He Shoots, He Scores

Upend a tourist and a camera is likely to fall out of his pocket, but few shutterbugs know how to put their camera to best use. Holiday photos are often more Addams Family than Ansel Adams and usually draw only polite murmurs from captive audiences. Yet an increasing number of photography breaks are helping amateur photographers tap their creative juices.

Courses last from a weekend to a fortnight, in destinations from Bhutan, where students learn to capture the color of the Jambay Lhakhang Festival,

to Iceland's volcanic landscape. Experts help to transform snapshot-happy tourists into travel photographers.

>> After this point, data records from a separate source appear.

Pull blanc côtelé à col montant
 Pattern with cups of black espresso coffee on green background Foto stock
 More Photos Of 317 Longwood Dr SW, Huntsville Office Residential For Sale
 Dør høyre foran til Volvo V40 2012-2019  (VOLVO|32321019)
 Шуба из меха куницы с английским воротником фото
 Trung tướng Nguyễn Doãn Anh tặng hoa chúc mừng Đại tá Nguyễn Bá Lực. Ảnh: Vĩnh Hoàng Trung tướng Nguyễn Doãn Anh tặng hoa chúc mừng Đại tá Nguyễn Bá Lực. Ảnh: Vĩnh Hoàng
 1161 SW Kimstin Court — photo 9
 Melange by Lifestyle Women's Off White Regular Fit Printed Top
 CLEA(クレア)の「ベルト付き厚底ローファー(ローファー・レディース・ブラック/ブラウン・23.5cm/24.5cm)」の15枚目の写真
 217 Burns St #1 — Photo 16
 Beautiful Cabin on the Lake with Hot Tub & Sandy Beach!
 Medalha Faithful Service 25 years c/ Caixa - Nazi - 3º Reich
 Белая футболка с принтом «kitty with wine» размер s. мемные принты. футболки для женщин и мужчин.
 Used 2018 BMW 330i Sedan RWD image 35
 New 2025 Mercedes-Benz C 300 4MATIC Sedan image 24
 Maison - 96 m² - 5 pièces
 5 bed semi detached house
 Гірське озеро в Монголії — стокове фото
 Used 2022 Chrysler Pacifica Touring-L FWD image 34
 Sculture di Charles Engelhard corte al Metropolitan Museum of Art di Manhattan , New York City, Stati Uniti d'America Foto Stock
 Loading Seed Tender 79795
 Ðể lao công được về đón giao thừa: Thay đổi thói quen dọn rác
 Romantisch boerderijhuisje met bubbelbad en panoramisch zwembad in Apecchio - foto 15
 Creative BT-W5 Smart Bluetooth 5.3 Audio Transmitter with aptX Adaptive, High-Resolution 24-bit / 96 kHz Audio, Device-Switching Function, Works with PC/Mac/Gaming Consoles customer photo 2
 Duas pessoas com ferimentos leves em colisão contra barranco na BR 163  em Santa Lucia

They advise on lenses, composition, framing, lighting and photographic content. "It's about putting the photos in the context of the landscape and the people," says Peter Noble, chairman of the Royal Photographic Society (RPS) Travel Group, who is also a guide with specialist agency Light & Land. The RPS recommends that you sign up with a well-known photographer and travel with a group no larger than 15; prices will vary according to group size and quality of accommodation.

You can search the Web to see if your favorite travel photographer runs courses, or book with an agency such as Light & Land, tel: (44-1432) 839 111; www.lightandland.co.uk, which offers vacations to places like Zion National Park in Utah, above, with top photographers. Photo Adventures, tel: (44-1665) 830834; www.photoadventures.co.uk, offers a variety of locales under the direction of author and photographer Lee Frost. For many trips you'll need a working knowledge of your camera and a tripod. Just think — when friends and family say they want to see your holiday photos, for once, they'll actually mean it.